[time 829] Re: [time 827] Re: [time 825] Chu spaces, causality, local systems... quantum laws of form? ...


Stephen P. King (stephenk1@home.com)
Mon, 27 Sep 1999 23:00:51 -0400


Dear Ben and Friends,

Hitoshi Kitada wrote:
>
> Dear Ben,
>
> Welcome back!
>
> Ben Goertzel <ben@goertzel.org> wrote:
>
> Subject: [time 825] Chu spaces, causality, local systems... quantum laws of
> form? ...
[SPK]
> > > > Perhaps we need to step back and take stock of that ideas
> > > have led us
> > > > to this point. Lance and I have been talking on the phone about
> > > > causality and clocking, toward, I hope, a way of understanding how it is
> > > > that the "space-times" that are 'observed' by Local Systems are related
> > > > to each other.
[BG]
> > Hi, I have not posted to this list in a while because I decided that I did
> > not have time to truly delve into Matti's mathematics and this seemed to
> > be the dominant topic of conversation. but now I will emerge from my lurking...
> >
> > I have read Hitoshi's papers again and remain convinced that this is a
> > fascinating direction for physics... and remain concerned about how it generalizes to
> > deal with weak & strong nuclear forces...
[HK]
> At the present age when there is no mighty theory/view to nature/ourselves,
> this direction would be fascinating. Or, this direction is necessary for us to
> recover/reconstruct ourselves/world. The strong and weak forces might have to
> be included. But before that, I think, there is a necessity that we get our
> world back to our hands. This is a philosophical need for the present age.

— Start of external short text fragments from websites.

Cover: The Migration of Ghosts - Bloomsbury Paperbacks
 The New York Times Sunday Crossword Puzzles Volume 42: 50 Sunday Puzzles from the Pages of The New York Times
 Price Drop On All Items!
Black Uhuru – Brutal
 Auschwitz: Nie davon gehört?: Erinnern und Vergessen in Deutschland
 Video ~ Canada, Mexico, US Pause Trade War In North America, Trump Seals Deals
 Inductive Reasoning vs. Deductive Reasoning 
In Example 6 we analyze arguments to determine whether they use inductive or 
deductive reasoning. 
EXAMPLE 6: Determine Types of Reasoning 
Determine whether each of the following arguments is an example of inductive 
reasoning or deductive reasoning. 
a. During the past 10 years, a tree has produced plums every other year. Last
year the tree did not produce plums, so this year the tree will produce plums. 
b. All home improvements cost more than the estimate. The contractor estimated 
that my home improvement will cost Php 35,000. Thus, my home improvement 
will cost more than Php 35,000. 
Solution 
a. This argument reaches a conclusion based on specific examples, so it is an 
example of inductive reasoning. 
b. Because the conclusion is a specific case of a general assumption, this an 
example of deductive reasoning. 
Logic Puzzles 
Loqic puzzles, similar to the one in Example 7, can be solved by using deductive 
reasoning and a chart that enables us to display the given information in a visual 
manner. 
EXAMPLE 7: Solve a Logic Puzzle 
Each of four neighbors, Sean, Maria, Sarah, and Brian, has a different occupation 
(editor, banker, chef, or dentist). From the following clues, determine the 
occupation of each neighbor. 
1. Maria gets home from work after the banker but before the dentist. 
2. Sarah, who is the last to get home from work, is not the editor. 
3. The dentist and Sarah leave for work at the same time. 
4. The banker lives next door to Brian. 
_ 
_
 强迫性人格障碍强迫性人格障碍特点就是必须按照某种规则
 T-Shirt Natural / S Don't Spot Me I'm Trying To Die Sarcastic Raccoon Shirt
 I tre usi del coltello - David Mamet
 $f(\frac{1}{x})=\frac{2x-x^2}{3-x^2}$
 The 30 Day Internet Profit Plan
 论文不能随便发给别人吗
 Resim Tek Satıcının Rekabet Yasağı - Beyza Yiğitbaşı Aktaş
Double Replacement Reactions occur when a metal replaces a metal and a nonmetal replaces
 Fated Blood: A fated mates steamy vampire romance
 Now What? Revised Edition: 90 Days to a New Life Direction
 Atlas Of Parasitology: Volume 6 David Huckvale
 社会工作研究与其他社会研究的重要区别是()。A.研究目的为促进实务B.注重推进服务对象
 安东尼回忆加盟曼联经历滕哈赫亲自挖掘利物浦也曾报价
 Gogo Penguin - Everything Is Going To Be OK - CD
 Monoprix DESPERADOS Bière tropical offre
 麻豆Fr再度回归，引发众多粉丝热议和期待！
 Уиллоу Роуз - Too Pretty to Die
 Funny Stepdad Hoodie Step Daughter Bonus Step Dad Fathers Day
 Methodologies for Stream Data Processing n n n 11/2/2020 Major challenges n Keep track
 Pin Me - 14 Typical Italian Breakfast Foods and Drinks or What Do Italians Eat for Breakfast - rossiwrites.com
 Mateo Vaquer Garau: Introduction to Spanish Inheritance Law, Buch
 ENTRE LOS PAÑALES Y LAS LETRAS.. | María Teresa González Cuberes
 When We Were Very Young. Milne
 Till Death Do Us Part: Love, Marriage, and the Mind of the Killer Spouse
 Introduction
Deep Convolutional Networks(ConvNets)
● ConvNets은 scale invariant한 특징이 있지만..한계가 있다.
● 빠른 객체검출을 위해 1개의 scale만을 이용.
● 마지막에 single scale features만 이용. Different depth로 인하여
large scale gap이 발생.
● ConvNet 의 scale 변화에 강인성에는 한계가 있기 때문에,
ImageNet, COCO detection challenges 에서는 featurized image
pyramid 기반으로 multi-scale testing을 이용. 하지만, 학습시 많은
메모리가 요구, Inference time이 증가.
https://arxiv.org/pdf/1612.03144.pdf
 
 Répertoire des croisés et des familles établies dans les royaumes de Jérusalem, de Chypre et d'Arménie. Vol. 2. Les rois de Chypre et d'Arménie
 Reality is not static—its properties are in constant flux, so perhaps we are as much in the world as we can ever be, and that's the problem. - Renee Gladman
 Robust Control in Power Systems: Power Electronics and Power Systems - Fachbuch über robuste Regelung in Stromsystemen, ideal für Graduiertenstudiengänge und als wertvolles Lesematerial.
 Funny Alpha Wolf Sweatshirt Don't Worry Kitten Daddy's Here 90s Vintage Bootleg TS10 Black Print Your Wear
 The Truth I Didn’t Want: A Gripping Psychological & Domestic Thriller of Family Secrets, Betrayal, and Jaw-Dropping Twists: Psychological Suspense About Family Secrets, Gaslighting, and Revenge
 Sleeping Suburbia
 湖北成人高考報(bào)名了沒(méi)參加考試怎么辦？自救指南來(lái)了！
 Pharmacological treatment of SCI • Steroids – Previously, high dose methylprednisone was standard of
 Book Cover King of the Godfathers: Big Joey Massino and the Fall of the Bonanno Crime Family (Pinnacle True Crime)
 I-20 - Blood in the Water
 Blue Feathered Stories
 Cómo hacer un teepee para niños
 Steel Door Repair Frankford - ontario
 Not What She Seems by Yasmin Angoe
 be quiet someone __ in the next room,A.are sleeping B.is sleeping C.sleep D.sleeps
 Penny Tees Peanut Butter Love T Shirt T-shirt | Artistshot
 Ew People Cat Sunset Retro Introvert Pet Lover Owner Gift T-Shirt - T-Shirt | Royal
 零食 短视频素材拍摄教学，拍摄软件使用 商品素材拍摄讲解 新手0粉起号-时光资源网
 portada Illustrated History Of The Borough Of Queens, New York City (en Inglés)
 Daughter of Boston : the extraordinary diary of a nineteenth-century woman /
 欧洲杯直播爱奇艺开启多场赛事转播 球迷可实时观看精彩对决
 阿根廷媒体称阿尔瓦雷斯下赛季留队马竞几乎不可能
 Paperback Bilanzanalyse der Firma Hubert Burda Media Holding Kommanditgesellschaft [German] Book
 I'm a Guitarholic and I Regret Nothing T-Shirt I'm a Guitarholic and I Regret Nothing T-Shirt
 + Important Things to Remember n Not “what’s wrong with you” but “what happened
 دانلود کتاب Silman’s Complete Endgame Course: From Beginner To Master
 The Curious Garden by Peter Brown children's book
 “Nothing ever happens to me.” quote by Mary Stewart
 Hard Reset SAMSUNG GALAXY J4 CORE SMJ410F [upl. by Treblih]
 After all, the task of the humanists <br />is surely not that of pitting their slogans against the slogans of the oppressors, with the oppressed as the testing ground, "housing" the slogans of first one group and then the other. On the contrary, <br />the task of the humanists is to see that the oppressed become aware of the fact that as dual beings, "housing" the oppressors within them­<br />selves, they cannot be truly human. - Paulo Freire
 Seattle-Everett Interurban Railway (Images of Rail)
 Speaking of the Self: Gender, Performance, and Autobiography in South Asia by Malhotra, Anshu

        The strange way that the "nuclear" forces have a short ranges may give
us a clue, but we do need to develop the formal framework first. This is
what, I believe, Hitoshi is speaking to here. Hitoshi's vision is
revolutionary and is not subject to unproblematic interpretation and
generalization within the usual ways of thinking in physics. I believe
that the difficulties that Matti and Hitoshi are having is that they are
trying to force each other to think within each other's paradigms, which
are complementary, IMHO, but very different.
 
[BG]
> > The mention of causality intrigues me here because this is something I've
> > been working on in the context of Webmind. It seems that causality is not possible to
> > assess within a local system, but only globally, amongst local systems. Do you agree with
> > this Hitoshi?
[HK]
> Yes, I agree. As well, I feel it necessary to think about mind/consciousness
> as you are doing, which would give us understanding the locality without
> causality.
 
        The way that MIND is a "whole" even when distributed over many physical
components may be giving us a clue as to the mechanism of "locality
without causality". We see in quantum entangled systems the same type of
"wholeness" which have led thinkers like Bohm and Stapp to consider a
physics model that assumes Ideal Monism. The problem of the discreteness
of matter seems to be considered as mere epiphenomena. This is not an
advance, I my opinion, we need a way to see past the dichotomy of mind
and matter to a complementarity of matter and information...

[BG]
> > At the urging of Youlian Troyanov, I have also been reading some of Pratt's
> > papers, and was particularly intrigued by the Stone Gamut paper. However
> > I have some doubts about the usefulness of the approach. It is just so
> > damn general -- so we can generate every
> > algebra there is; so what? The physical world deals with specific algebras.
[HK]
> The approach would be too general to be useful.
 
        This "generality" is necessary if we consider that the Universe, as the
totality of existence, includes all possible material behaviors and
thus, via the duality, all possible algebras describing them. The
selection of "particular algebras" would thus correspond to the
selection of the properties of the physical (material) world.

[BG]
> > However perhaps one can view Chu spaces as a kind of pre-physics. this
> > might make sense.

        If it can be consistently shown that Hilbert spaces and/or the more
general Gelfand spaces can be constructed from Chu spaces, and if
Minkowsky and/or Poincare spaces be generated from the interaction
algebras of Chu spaces, this statement will truly be prophetic! ;-)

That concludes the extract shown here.